Excerpts from a dataset:
----------

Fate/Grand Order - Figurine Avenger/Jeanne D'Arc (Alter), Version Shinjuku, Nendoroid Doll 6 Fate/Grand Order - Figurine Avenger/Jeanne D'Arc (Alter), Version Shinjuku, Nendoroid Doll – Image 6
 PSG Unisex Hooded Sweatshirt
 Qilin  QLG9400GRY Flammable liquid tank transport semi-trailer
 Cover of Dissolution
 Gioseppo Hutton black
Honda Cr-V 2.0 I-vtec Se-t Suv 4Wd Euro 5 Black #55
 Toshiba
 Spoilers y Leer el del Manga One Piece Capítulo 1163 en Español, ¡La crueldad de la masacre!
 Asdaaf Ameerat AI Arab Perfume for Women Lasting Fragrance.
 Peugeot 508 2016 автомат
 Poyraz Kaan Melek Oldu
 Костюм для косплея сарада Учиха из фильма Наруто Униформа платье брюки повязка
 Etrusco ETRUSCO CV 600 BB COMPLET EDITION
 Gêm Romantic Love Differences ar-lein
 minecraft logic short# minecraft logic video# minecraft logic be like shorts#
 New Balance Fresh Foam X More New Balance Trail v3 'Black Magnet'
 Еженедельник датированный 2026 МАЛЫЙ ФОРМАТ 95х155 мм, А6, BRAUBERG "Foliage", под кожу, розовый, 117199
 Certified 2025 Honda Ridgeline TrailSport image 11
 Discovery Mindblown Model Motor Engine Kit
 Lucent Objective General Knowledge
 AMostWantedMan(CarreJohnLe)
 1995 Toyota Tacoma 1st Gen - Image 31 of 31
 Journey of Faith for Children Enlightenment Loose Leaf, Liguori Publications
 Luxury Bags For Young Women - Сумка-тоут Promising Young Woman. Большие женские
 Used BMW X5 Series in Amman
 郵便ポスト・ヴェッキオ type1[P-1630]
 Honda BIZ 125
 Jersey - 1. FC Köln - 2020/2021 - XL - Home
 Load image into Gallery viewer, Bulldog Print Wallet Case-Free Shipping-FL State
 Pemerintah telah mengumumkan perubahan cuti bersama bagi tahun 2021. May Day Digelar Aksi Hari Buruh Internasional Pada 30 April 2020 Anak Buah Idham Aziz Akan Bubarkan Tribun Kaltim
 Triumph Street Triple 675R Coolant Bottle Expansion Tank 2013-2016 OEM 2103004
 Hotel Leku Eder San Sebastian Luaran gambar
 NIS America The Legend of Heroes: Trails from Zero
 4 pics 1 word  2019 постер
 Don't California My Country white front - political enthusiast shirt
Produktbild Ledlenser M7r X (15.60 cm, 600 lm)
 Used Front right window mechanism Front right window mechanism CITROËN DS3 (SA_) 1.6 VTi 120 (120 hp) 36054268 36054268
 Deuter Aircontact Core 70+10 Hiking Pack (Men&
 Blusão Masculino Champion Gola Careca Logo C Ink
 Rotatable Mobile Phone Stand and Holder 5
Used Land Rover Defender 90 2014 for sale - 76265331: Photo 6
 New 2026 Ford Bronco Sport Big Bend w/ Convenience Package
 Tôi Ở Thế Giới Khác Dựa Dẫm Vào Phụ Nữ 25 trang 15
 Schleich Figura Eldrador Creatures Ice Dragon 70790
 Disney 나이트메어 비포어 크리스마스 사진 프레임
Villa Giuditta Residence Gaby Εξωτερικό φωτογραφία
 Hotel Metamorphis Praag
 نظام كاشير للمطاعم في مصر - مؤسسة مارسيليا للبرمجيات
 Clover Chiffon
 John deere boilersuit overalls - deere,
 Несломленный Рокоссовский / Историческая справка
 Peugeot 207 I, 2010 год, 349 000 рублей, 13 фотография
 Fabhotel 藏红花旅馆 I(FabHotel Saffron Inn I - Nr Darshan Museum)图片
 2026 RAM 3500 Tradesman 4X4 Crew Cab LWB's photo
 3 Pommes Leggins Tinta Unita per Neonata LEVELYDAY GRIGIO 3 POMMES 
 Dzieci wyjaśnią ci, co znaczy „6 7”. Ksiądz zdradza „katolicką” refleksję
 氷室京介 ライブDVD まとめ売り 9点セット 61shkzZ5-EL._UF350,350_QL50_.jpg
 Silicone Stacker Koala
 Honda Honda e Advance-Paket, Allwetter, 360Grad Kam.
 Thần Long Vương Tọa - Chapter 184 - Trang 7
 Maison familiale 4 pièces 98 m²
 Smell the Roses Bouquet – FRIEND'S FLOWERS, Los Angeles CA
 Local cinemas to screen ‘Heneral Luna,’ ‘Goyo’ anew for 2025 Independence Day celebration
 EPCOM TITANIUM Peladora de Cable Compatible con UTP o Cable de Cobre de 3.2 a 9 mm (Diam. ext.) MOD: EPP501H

----------

What you are asked to do: The lines to extract from the data above begin with the line containing "Produktbild Ledlenser M7r" and end with the line containing "Blusão Masculino Champion". Extract them exactly, including both.

Exercise answer:
Produktbild Ledlenser M7r X (15.60 cm, 600 lm)
 Used Front right window mechanism Front right window mechanism CITROËN DS3 (SA_) 1.6 VTi 120 (120 hp) 36054268 36054268
 Deuter Aircontact Core 70+10 Hiking Pack (Men&
 Blusão Masculino Champion Gola Careca Logo C Ink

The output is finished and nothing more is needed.